For a single eigenvector $$q_i$$, from equation 1, we have

$$Aq_i = \lambda_i q_i, i = 1,2…n \tag{3}$$

For all eigenvectors, we can define a square matrix $$Q \in R^{n \times n}$$ with $$q_i$$ in each column:

$$Q = \begin{bmatrix} q_1 & q_2 & … &q_n \end{bmatrix} \tag{4}$$

For all eigenvalues, we can define a diagonal matrix $$\Lambda \in R^{n \times n}$$ with the eigenvalues $$\lambda_i$$ as the diagonal elements:

$$\Lambda = diag(\lambda_1, \lambda_2, … \lambda_n) \tag{5}$$

Thus equation 3 with all eigenvalues and eigenvectors of $$A$$ can be written as:

$$AQ = Q \Lambda \tag{7}$$

Because all eigenvectors are linearly independent, $$Q$$ has full rank and invertible with inverse $$Q^{-1}$$

$$AQQ^{-1} = Q \Lambda Q^{-1} \tag{8}$$

Therefore, we can decompose a full rank square matrix $$A$$ into square matrices of eigenvectors and a diagonal matrix with eigenvalues .

$$A = Q \Lambda Q^{-1} \tag{9}$$

If $$A \in R^{n \times n}$$ does not have $$n$$ linearly independent eigenvectors, then it is not diagonalizable. In this case, $$A$$ is also called defective matrix, and there is no diagonal matrix $$\Lambda$$ for eigendecomposition in equation 9.

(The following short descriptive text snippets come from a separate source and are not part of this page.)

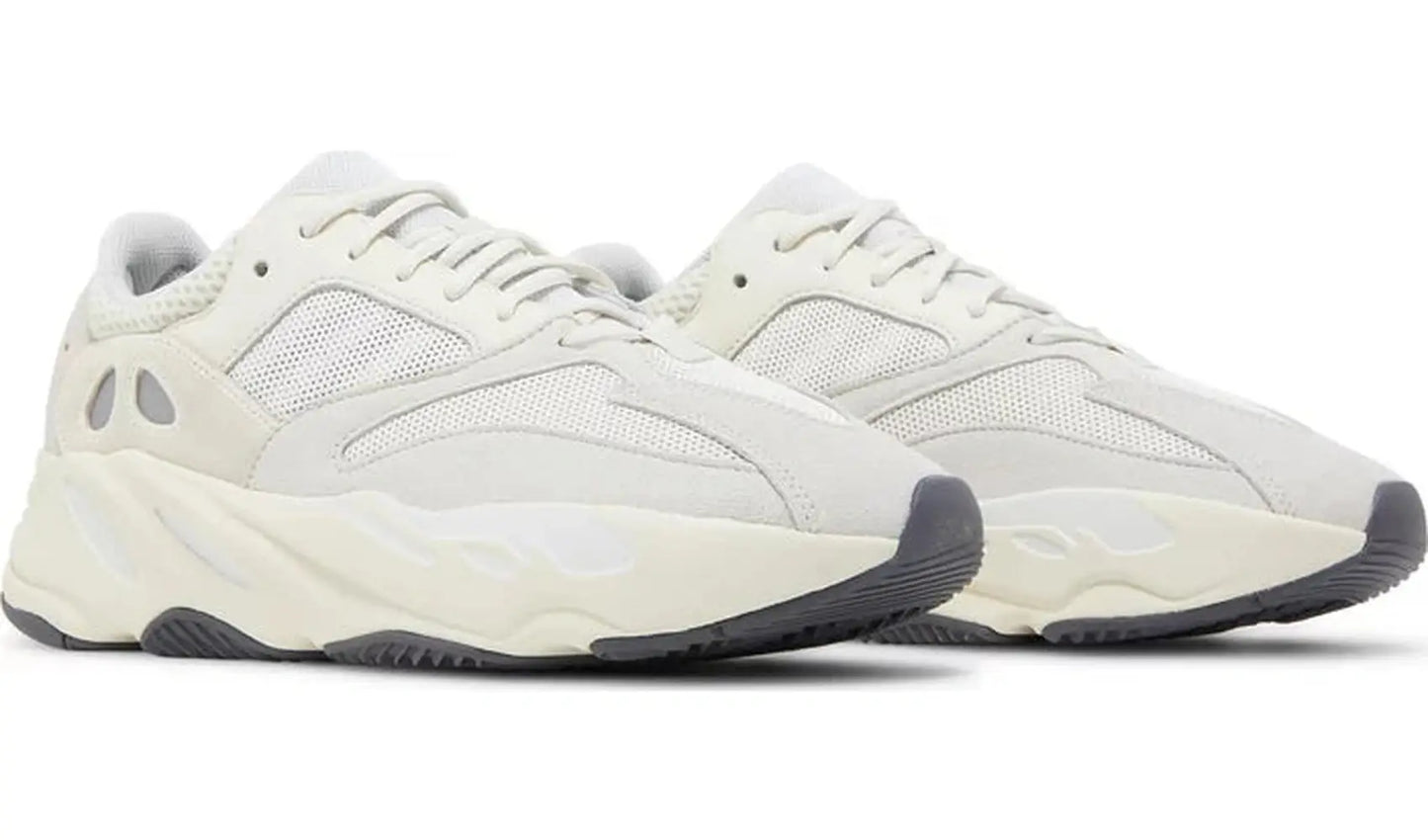 Yeezy Boost 700 Analog (US)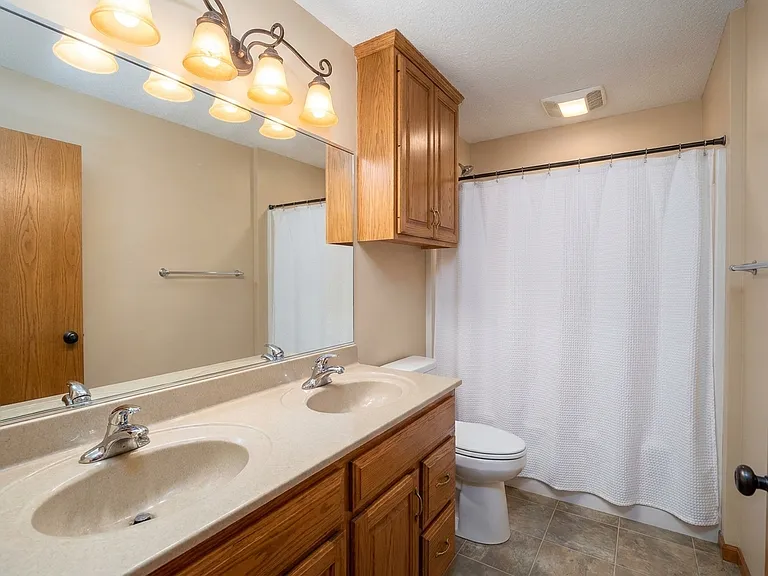 1826 S Grange Ave — Photo 3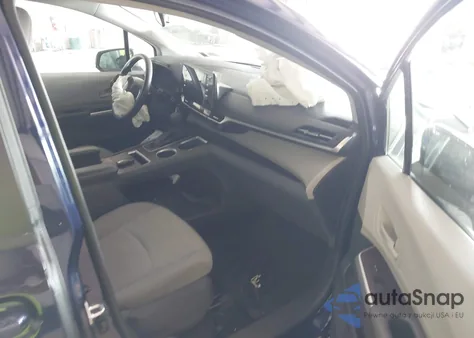 2021 Toyota Sienna Le from USA, damaged, VIN 5TDKRKEC3MS070561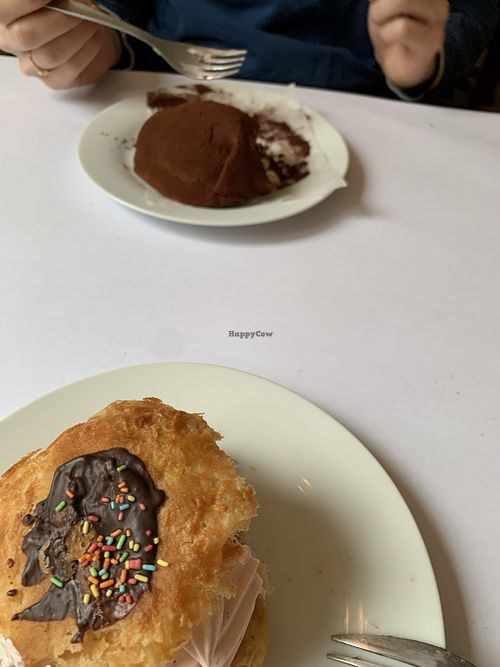 Fastelavnsbolle & kartoffelkage  at V Sorte Hest in Copenhagen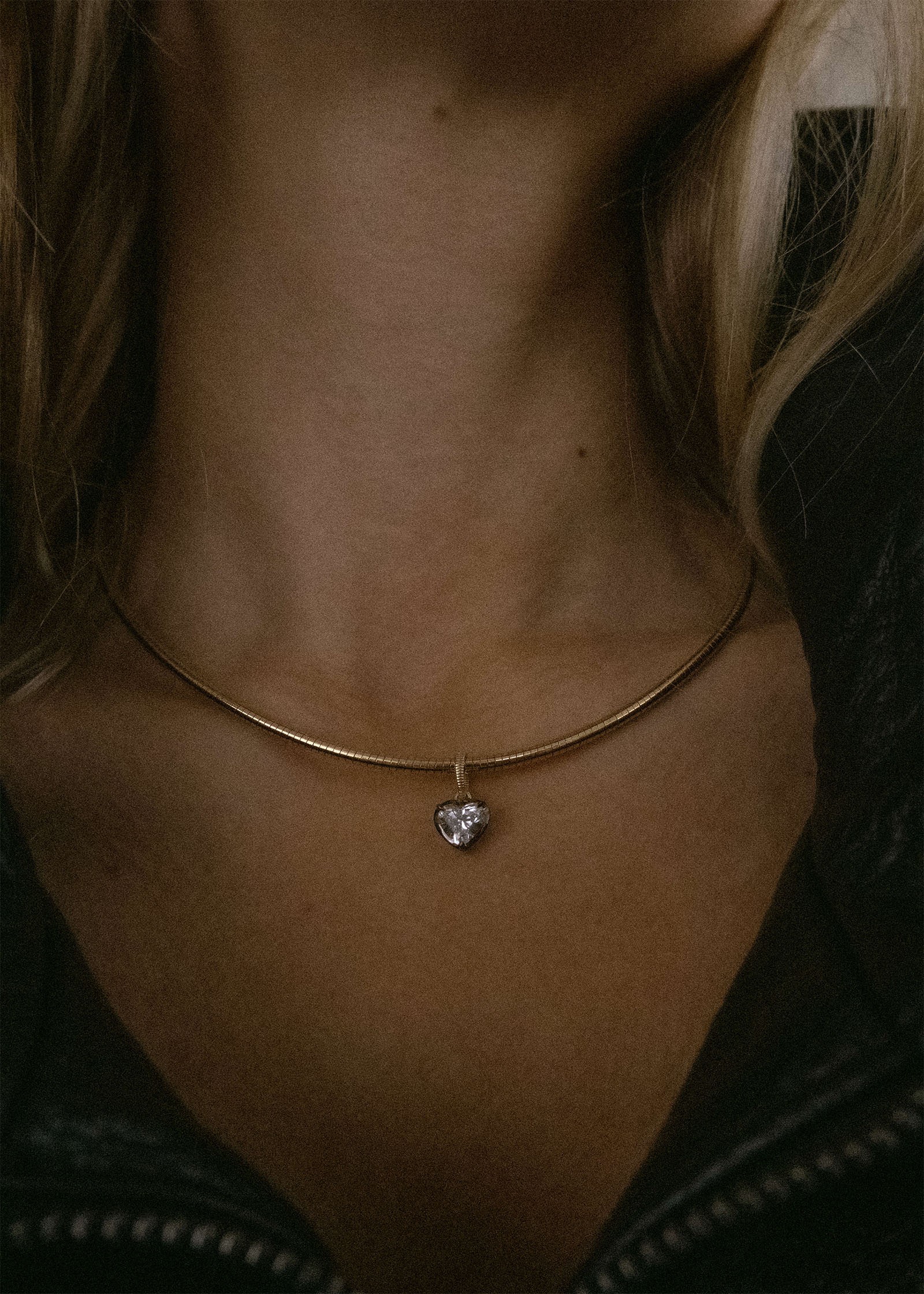 Kinn - Clara Black Rhodium Heart Pendant Necklace - Image 2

#### 2. Singular value decomposition SVD

LU factorization and eigendecomposition mentioned before are only applicable to square matrices. We would like to have a more generic decomposition approach for any rectangular matrices.

Geometric interpretation of SVD We start with a $$R^n$$ space defined by orthogonal unit vectors $$v$$. Shown in the figure above is a 2-dimension example. Note that $$v_1, v_2$$ are unit vectors $$\|v_i\| = 1$$, and they define a sphere $$S$$ .

Now we apply a linear transformation $$A \in R^{n \times n}$$ to transform the sphere $$S$$ into an output space $$AS \in R^{n \times n}$$ . In this new space, the original sphere $$S$$ is transformed into an ellipse defined by 2 unit vectors $$u_1, u_2$$, with scalar factors of $$\sigma_1, \sigma_2$$ respectively.

Therefore, we have

$$Av_i = \sigma_i u_i \tag {10}$$

Note that equation 10 looks quite similar to eigendecomposition in equation 3, except that $$v_i \neq u_i$$.

We can rewrite equation 10 in a matrix format with all $$n$$ dimension of $$A$$:

$$AV = \hat U \hat {\Sigma} \tag{11}$$

$$V = \begin{bmatrix} v_1 &v_2 & … &v_n \end{bmatrix} \tag{12}$$

$$\hat U = \begin{bmatrix} u_1 & u_2 & … &u_n \end{bmatrix} \tag{13}$$

$$\hat {\Sigma} = diag (\sigma_1, \sigma_2, … \sigma_n) \tag{14}$$

$$\hat {\Sigma}$$ is a diagonal matrix with sorted diagonal values of $$\sigma_i$$, called singular values:

$$\sigma_1 \geq \sigma_2 .. \geq \sigma_{\min(m,n)} \geq 0 \tag{15}$$

Geometrically, $$V$$ is an orthonormal matrix defining in the input space:

$$VV^T = V^TV = I, V^T = V^{-1}, det(V) = 1 \tag{16.1}$$

In theory, $$V$$ can take either real or complex values. In the case of complex values, $$V$$ is called an unitary matrix with its conjugate transpose $$V^{*}$$:

$$VV^{*} = V^{*}V = I\tag{16.2}$$

$$A$$ is a linear transformation matrix.

$$\hat U$$ represents orthogonal vectors as the rotation of the input space, and $$\hat {\Sigma}$$ represents stretch.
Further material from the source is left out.